Your goal
A faithful transcription of all lines below is the expected answer.

Source material
Content starts

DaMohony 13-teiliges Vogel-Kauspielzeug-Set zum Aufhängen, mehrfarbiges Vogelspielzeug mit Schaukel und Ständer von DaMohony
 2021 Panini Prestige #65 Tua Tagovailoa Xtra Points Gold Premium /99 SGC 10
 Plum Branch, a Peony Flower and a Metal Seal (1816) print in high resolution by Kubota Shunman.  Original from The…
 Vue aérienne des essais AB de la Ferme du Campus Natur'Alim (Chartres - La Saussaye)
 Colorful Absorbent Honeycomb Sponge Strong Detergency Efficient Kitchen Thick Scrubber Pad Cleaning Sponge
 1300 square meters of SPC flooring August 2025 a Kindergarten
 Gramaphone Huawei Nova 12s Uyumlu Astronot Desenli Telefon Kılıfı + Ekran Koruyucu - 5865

Content ends

Output
DaMohony 13-teiliges Vogel-Kauspielzeug-Set zum Aufhängen, mehrfarbiges Vogelspielzeug mit Schaukel und Ständer von DaMohony
 2021 Panini Prestige #65 Tua Tagovailoa Xtra Points Gold Premium /99 SGC 10
 Plum Branch, a Peony Flower and a Metal Seal (1816) print in high resolution by Kubota Shunman.  Original from The…
 Vue aérienne des essais AB de la Ferme du Campus Natur'Alim (Chartres - La Saussaye)
 Colorful Absorbent Honeycomb Sponge Strong Detergency Efficient Kitchen Thick Scrubber Pad Cleaning Sponge
 1300 square meters of SPC flooring August 2025 a Kindergarten
 Gramaphone Huawei Nova 12s Uyumlu Astronot Desenli Telefon Kılıfı + Ekran Koruyucu - 5865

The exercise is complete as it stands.